# Any one familiar with the Hofken Strain



## warpaint (Dec 10, 2008)

This year Looking at the vegas race birds, I see that there are a lot of hofken crosses especially with the vanloons and some with de dolle arden line as well as hofken on Barry yu's vervoot family. I'm looking for something to add to my Meulemans and Vanloons and am considering adding Hofkens. I know Ken christopher has been doing great things with Hofkens on his Vanloons as well. Who's has Hofkens and what's your take on this?


----------



## dvtlegend (Oct 20, 2007)

hofkens are pretty good birds. Your best bet is to talk with Ken Chritopher. I know he's been doing great with Ganus hofkens. But his vanloons are probably one of the best I've seen. They're really a close family as well.
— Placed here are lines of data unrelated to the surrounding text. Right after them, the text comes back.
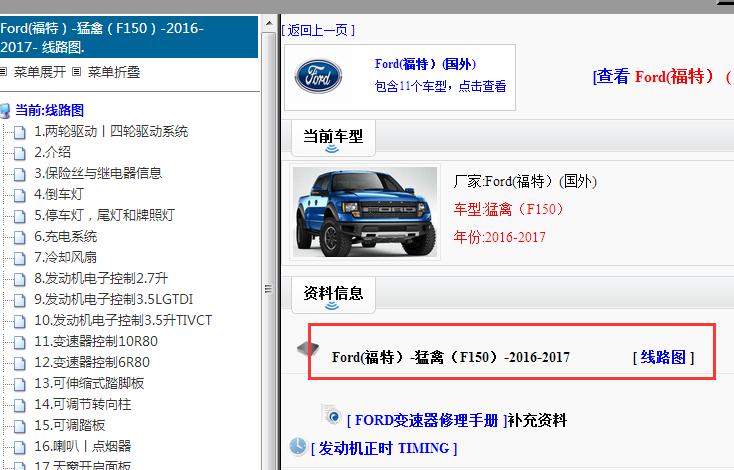2016-2017年福特猛禽F150电路图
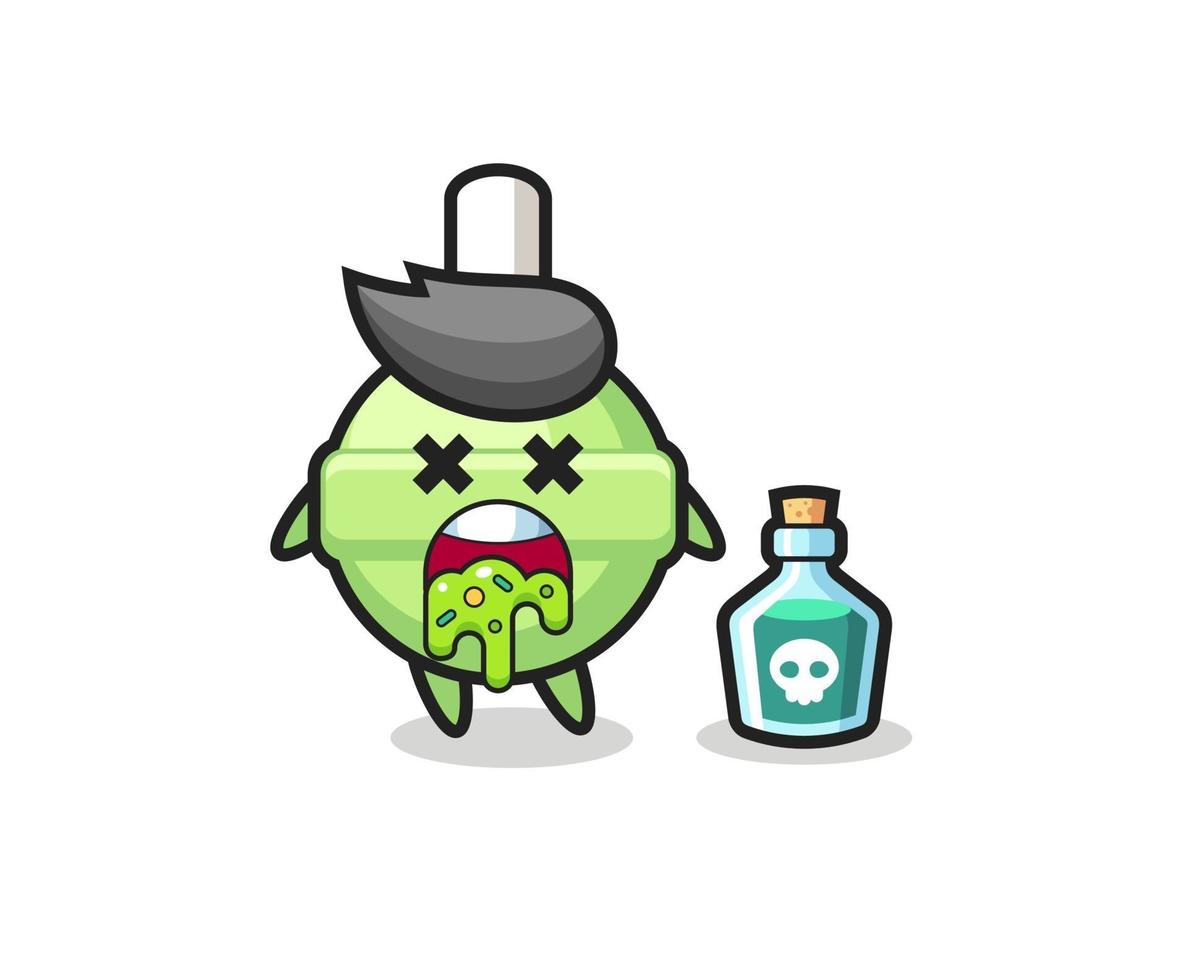 illustration d'un personnage de sucette vomissant à cause d'un empoisonnement vecteur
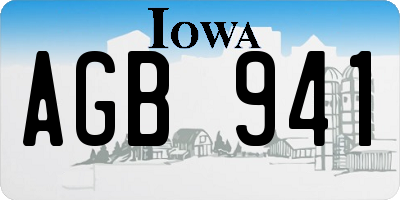 IA license plate AGB941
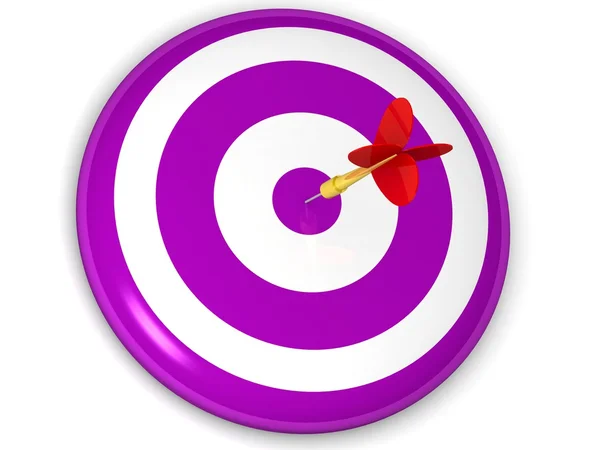 Conceito de negócios e esportes com dardos 3d em bullseye — Fotografia de Stock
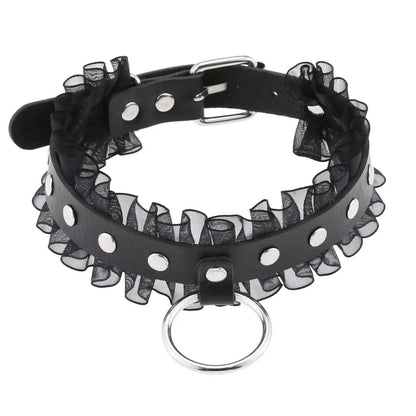 Gothic Leather Tassel Choker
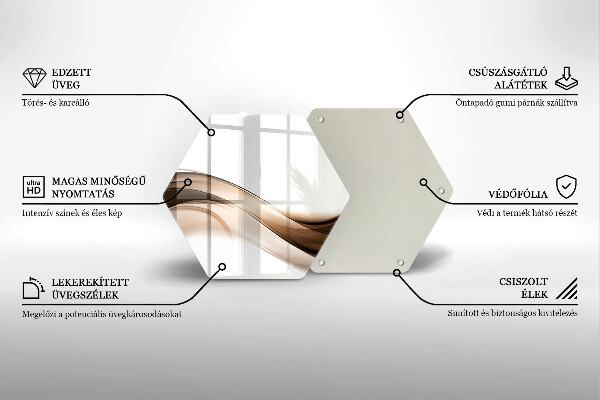 Tábua cozinha Linhas marrons abstratas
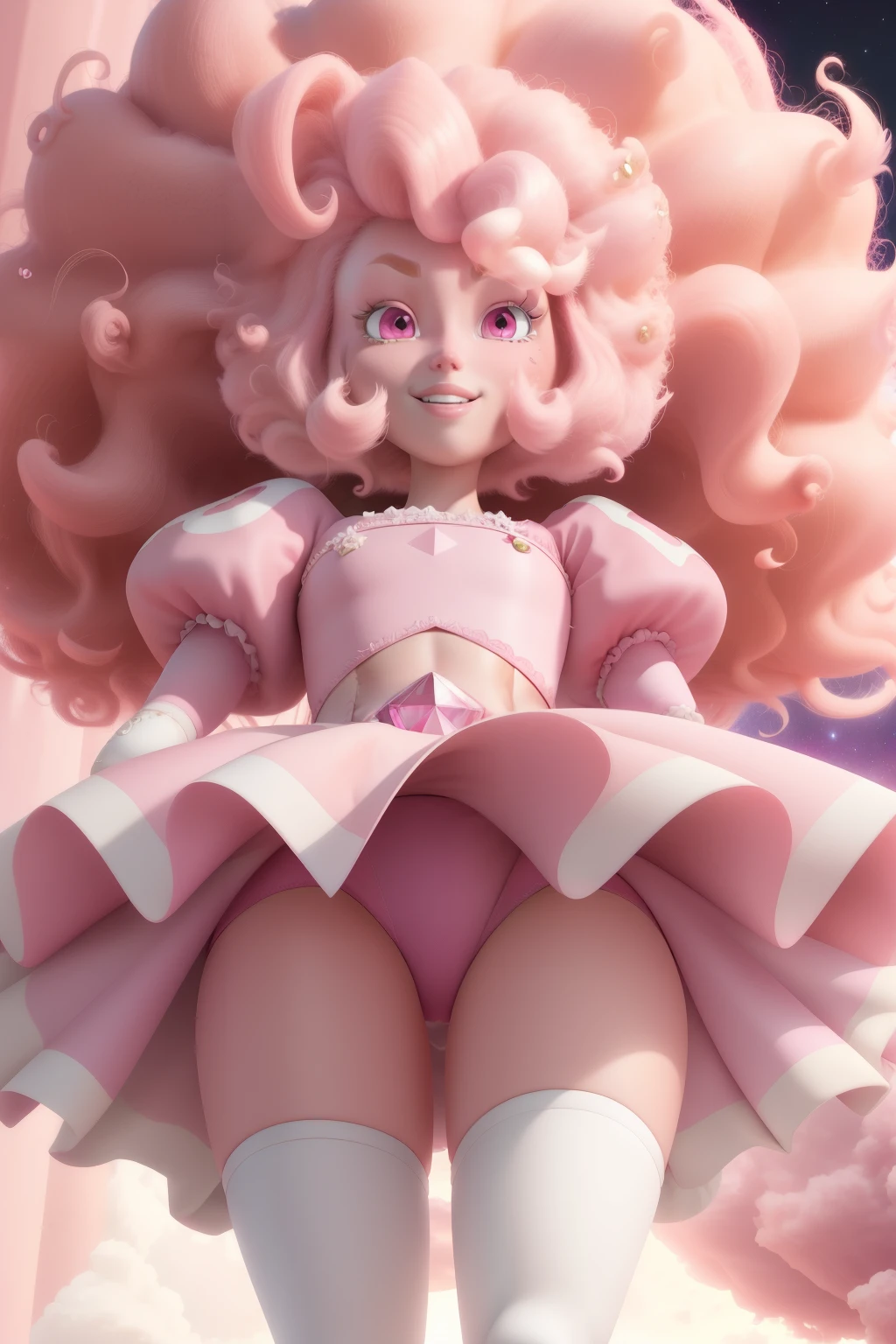 pnkdamond, pink hair, pink eyes, big hair, stomach gem, pink skin, toned,
puffy short sleeves, elbow gloves , white thighhighs, puffy dress,
standing, upper body,
outerspace,
(insanely detailed, beautiful detailed face,beautiful detailed eyes, masterpiece, best quality) cinematic lighting, smile,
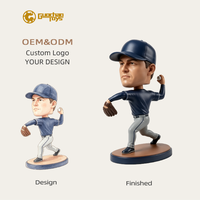 Figurine de joueur de baseball personnalisée OEM professionnelle, figurine de lanceur peinte à la main, tête oscillante, design 3D, statue en résine, trophée étoile sur mesure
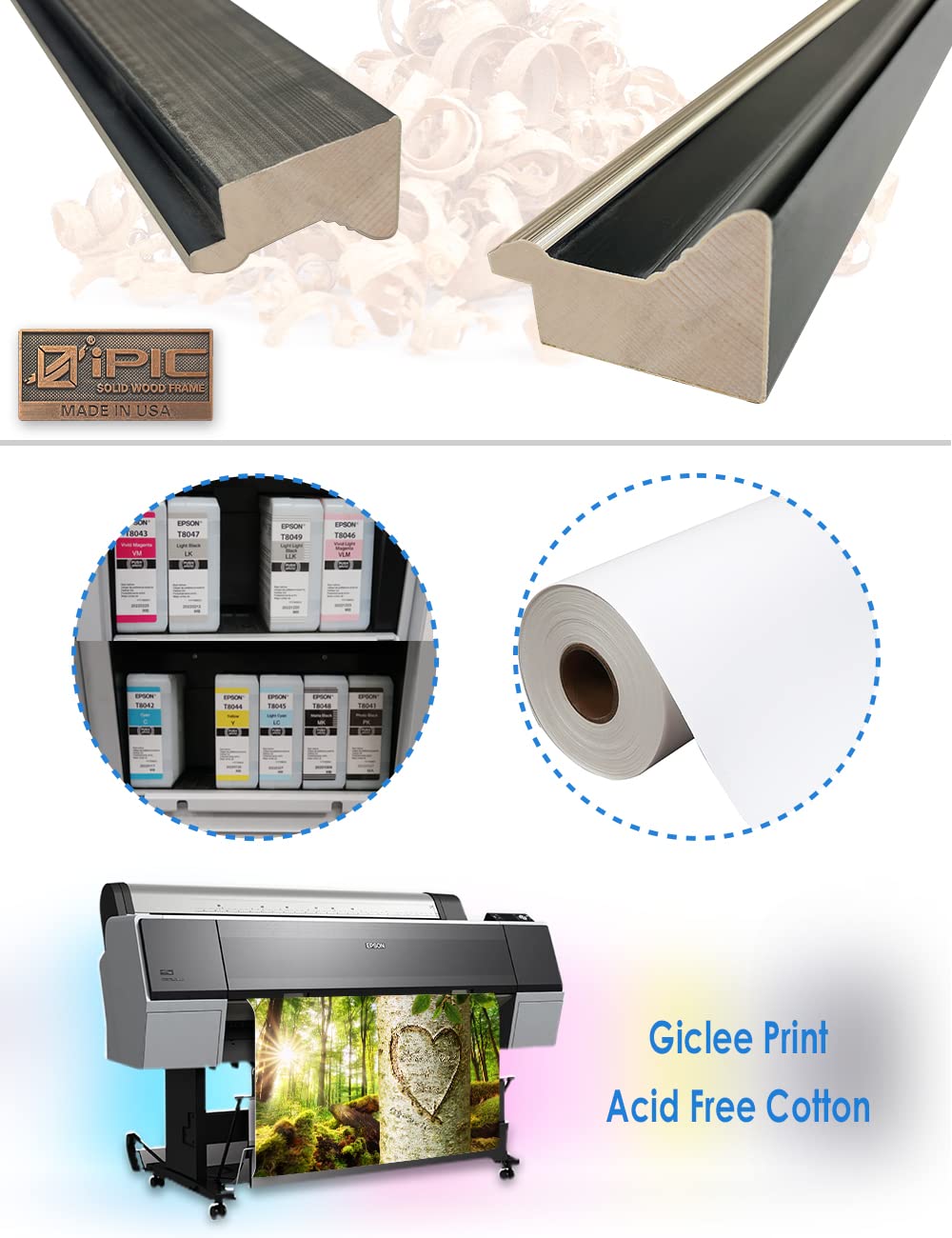 Ipic - Love Evergreen, Personalized Framed Wall Art With Names And Date On, Giclee Prints Framed With Solid Wood, Custom Memoria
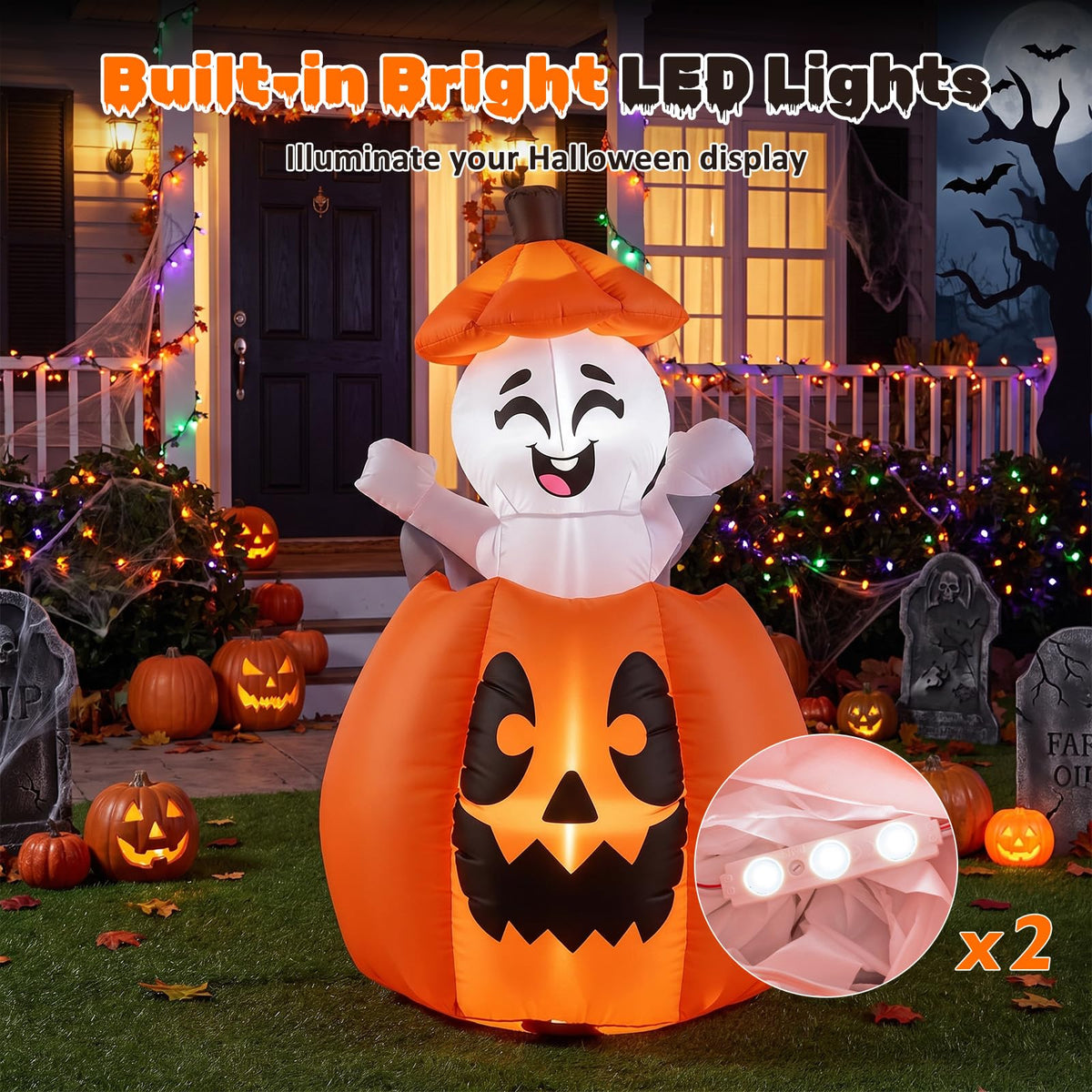 150 CM Animated Halloween Inflatable Pumpkin and Rising Ghost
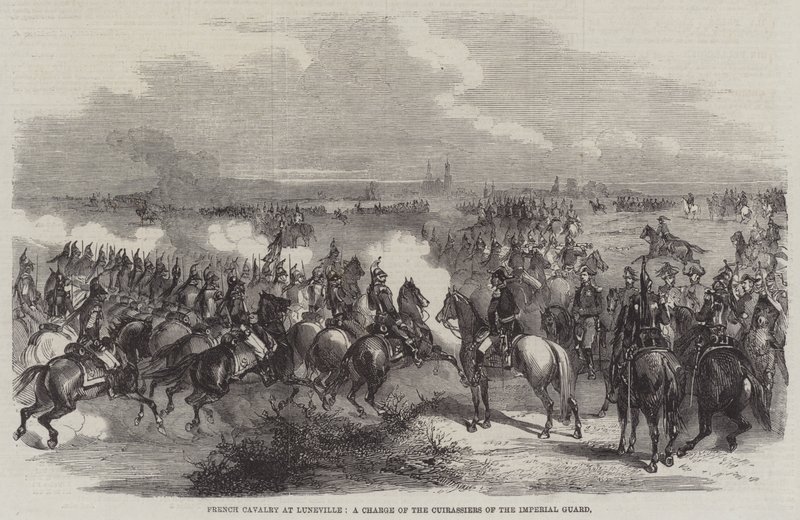 Luneville 的法国骑兵，帝国卫队胸甲骑兵的冲锋（版画） 作者 英语学校
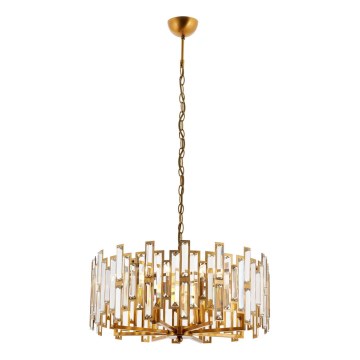 Κρεμαστό φωτιστικό με αλυσίδα CRYSTALLINE 6xE14/40W/230V χάλκινο
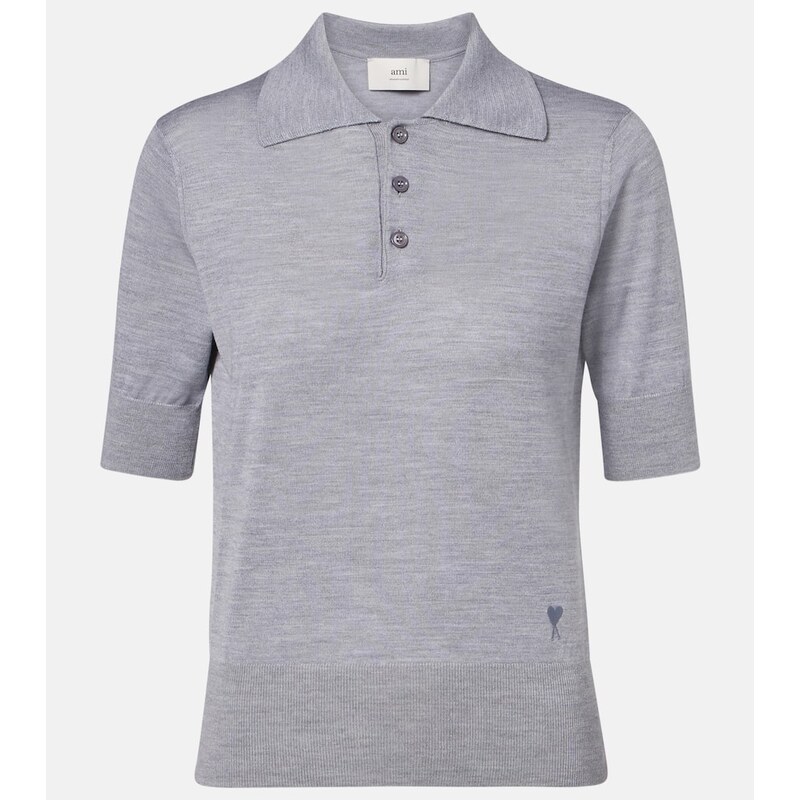 Ami Paris Wool and silk polo shirt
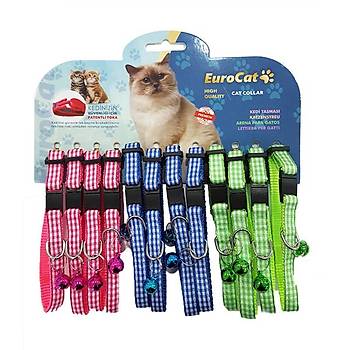 EuroCat Renkli Ekoseli ngrakl Kedi Boyun Tasmas 12'li
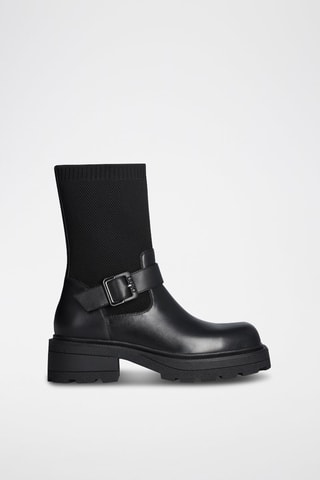 Botins em couro Annika - Preto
Not too many Sites on the Hofken strain though too.


----------



## shay_v (Jan 16, 2006)

A+ on hofkens.........


----------



## Max&Ballos (Dec 15, 2008)

*hofkens*

hofkens are more like grondelears, they seem to fly better at tougher races.


----------



## Kal-El (Oct 10, 2008)

What crosses well with Hofkens?


----------



## warpaint (Dec 10, 2008)

Well from researching and asking around I found out that the hofkens will do well with my vanloons as well as my meulemans. The response I get is that they cross well with middle distance birds and they are pretty tough birds for the 300-400 miles. They are birds that will also be good for them one loft races.

Dvtlegend from the pictures you sent me, you have some nice looking Hofkens and vanloons as well. Surprised to see that you have such a close family of vanloons. Maybe we can swap some birds or work something out. I'm also interested in your Aristona/Vanloons.


----------



## shay_v (Jan 16, 2006)

Warpaint........Dvtlegend does have good birds.........i have handled plenty of them.


----------